Look in the data below for the line that has "thumbnail image 1", then print exactly every line from there through the line that has "Kohler Vorleigh 8", leaving pictures out.
--- Data for this exercise Enclosed Below ---
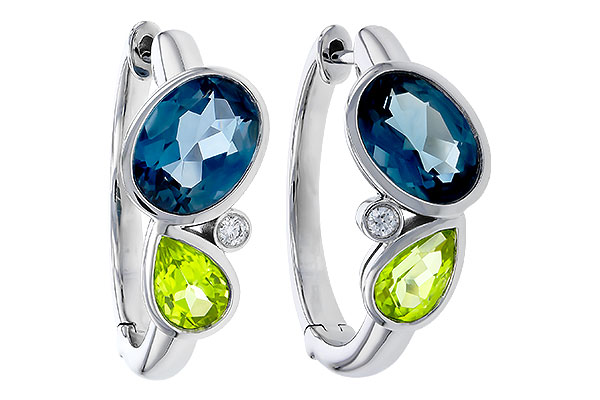 K275-17421: EARRINGS 2.97 SEMI-PREC (PER,LBT) 3.00 TGW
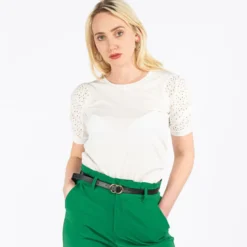 JACQUELINE DE YONG - MAGLIA DONNA CON DETTAGLI IN PIZZO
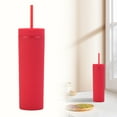 thumbnail image 1 of 16oz Matte Acrylic Skinny Tumbler with Lid & Straw - Double Wall Insulated Cup for Hot/Cold Drinks, Leakproof Coffee Tumbler for Office/Beach/Camping, 1 of 4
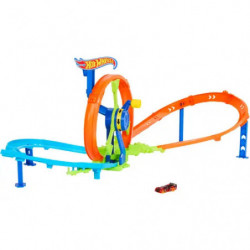 Buntes Hot Wheels-Set mit Loopings und kleinem Spielauto in der Nähe.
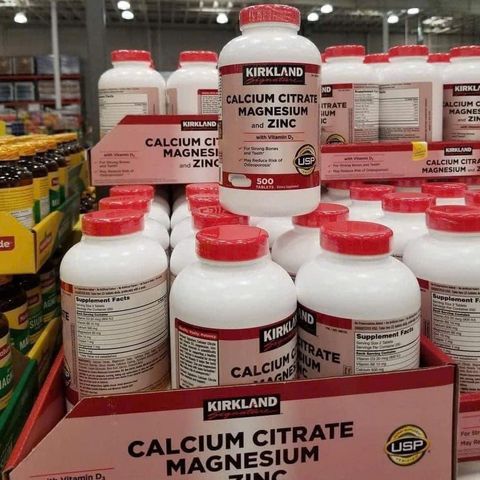 Viên Uống Kirkland Signature Calcium Citrate Magnesium và Zinc 500mg - Hỗ Trợ Xương Khớp và Tăng Cường Miễn Dịch
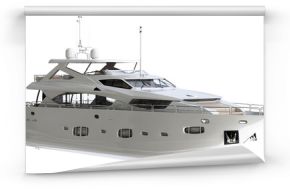 front view luxury white long yacht for make mockups, isolated on empty background 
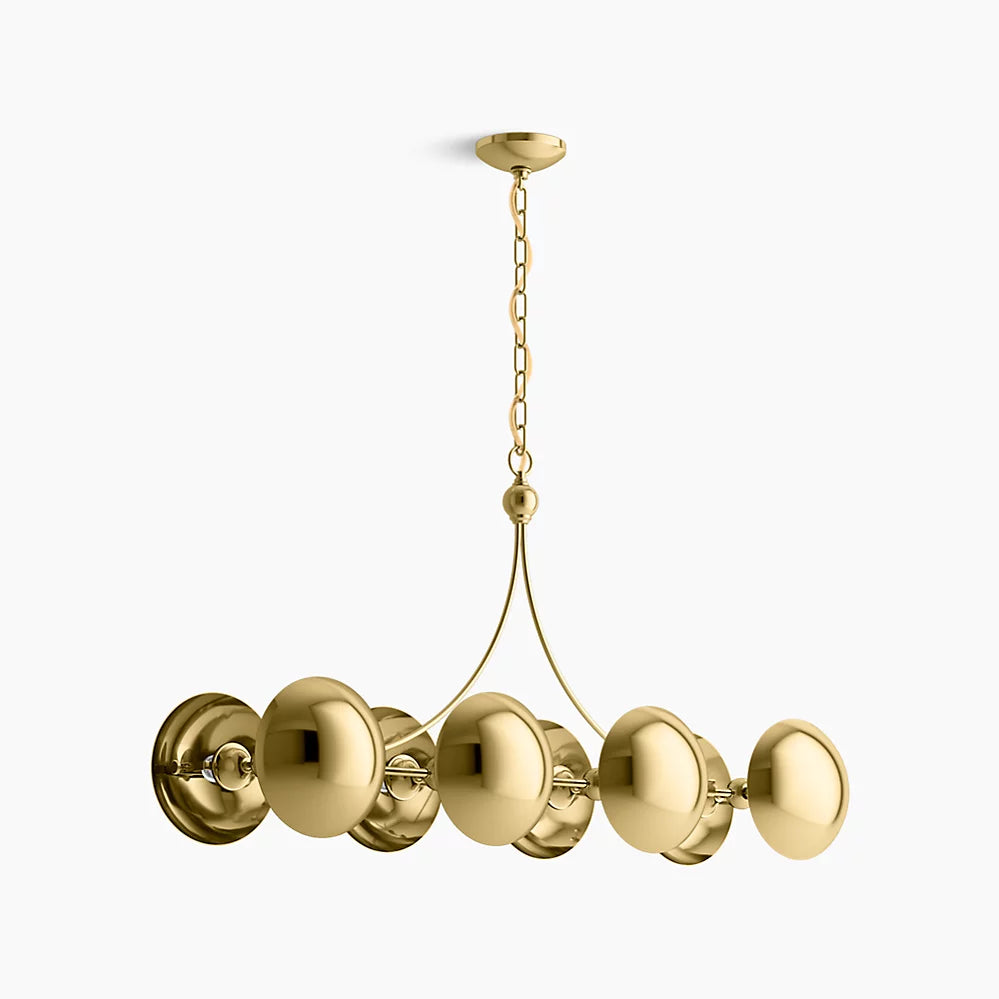 Kohler Vorleigh 8 Light Linear Chandelier (Polished Brass)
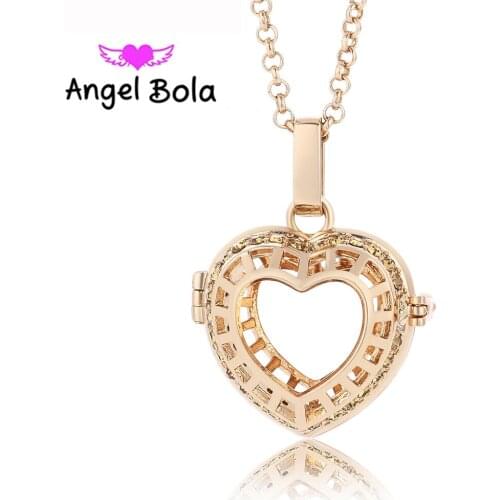 10PCS/Wholesale 22.5mm Lucky Heart Pattern Cage Necklace Engelsrufer Pendant Sound Ball Pryme Angel Bola Jewelry L058 for Mom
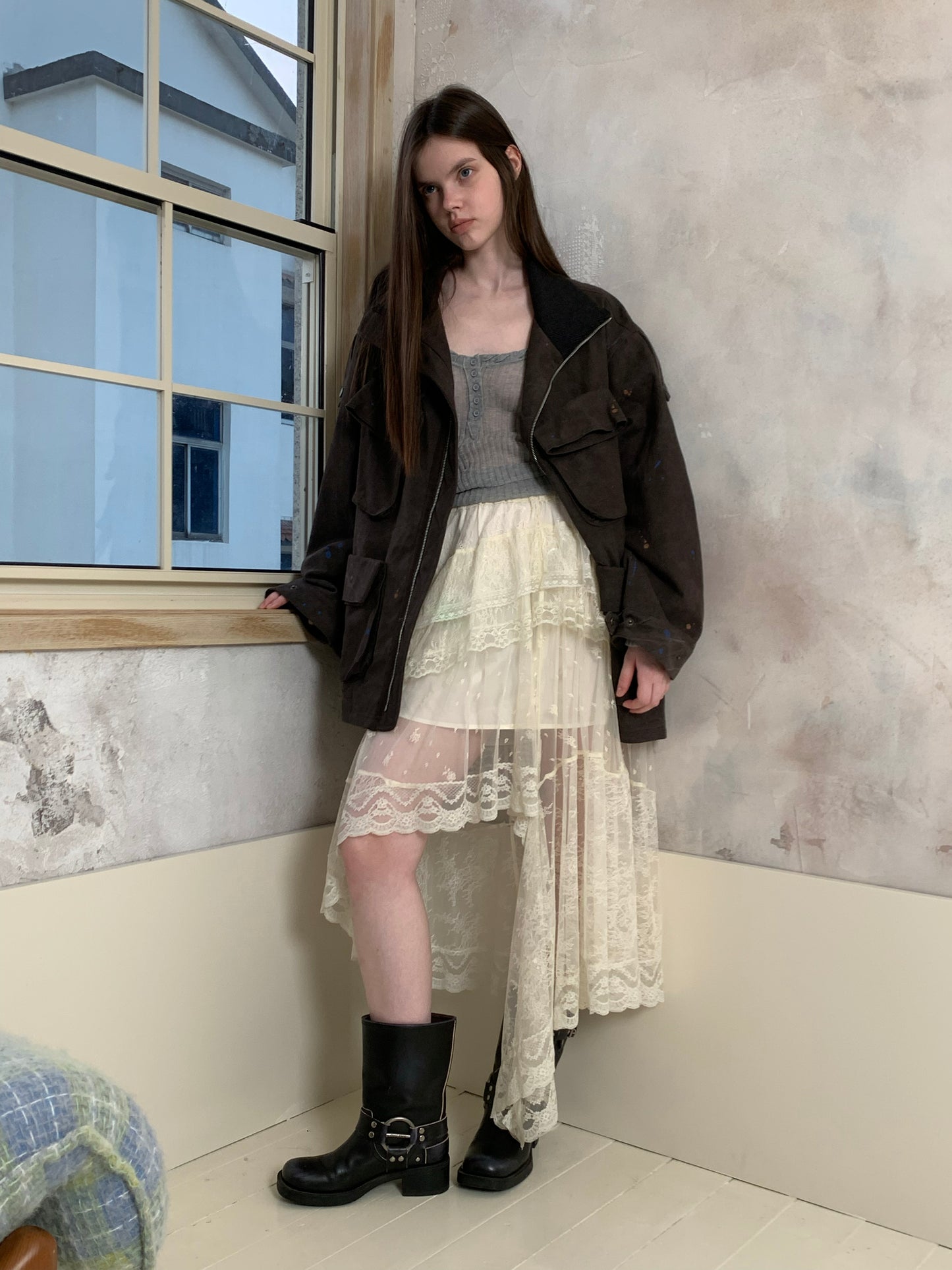 [A001087]Romantic Tiered Lace & Tulle Skirt - Asymmetric Hemline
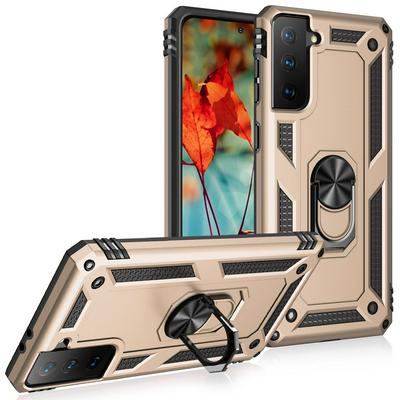 Sergeant Shockproof Drop-proof PC+TPU Phone Protective Case with Metal Ring Kickstand and Metal Patch for Samsung Galaxy S21 Plus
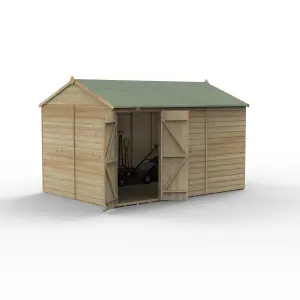 Forest Garden Beckwood 12x8 ft Reverse apex Natural timber Wooden 2 door Shed with floor (Base included)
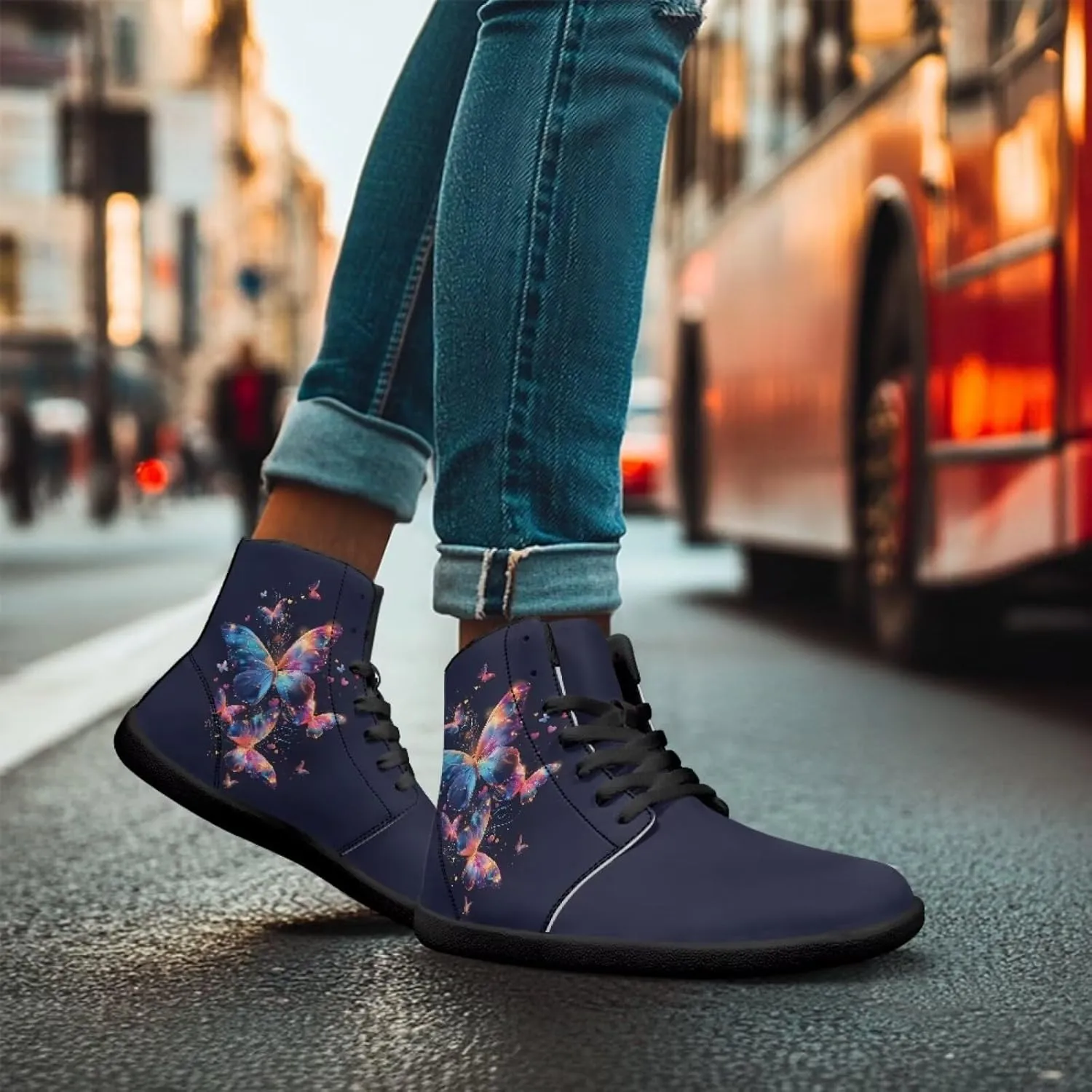 Jeiento High Top Barefoot Sneakers Men Women Butterfly Barefoot Shoes with Wide Toe Box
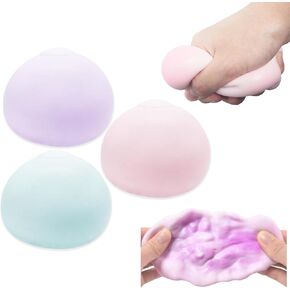 6 Pack Stress Balls for Adults 3 Textures Crunchy Smoothie Squishy Balls with Air Pumps for Stress Relief Milky Skin Balls Squeeze Fidget Toys for Party Favors Appreciation Gifts for Employee in Saudi Arabia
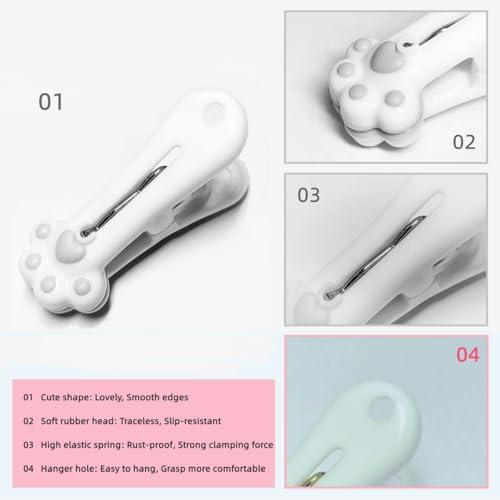 Plastic Clothespins Laundry Clothes Pins (Gray) -12 Pack, Traceless Clothes Pegs, Bag Clips, Food Package Clip, with Cute Cat Claw Pattern - color: Gray, size: 12-Pack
--- End of Enclosed Data for this exercise ---
→ **Answer to this task**:
 thumbnail image 1 of 16oz Matte Acrylic Skinny Tumbler with Lid & Straw - Double Wall Insulated Cup for Hot/Cold Drinks, Leakproof Coffee Tumbler for Office/Beach/Camping, 1 of 4
 Buntes Hot Wheels-Set mit Loopings und kleinem Spielauto in der Nähe.
 Viên Uống Kirkland Signature Calcium Citrate Magnesium và Zinc 500mg - Hỗ Trợ Xương Khớp và Tăng Cường Miễn Dịch
 front view luxury white long yacht for make mockups, isolated on empty background 
 Kohler Vorleigh 8 Light Linear Chandelier (Polished Brass)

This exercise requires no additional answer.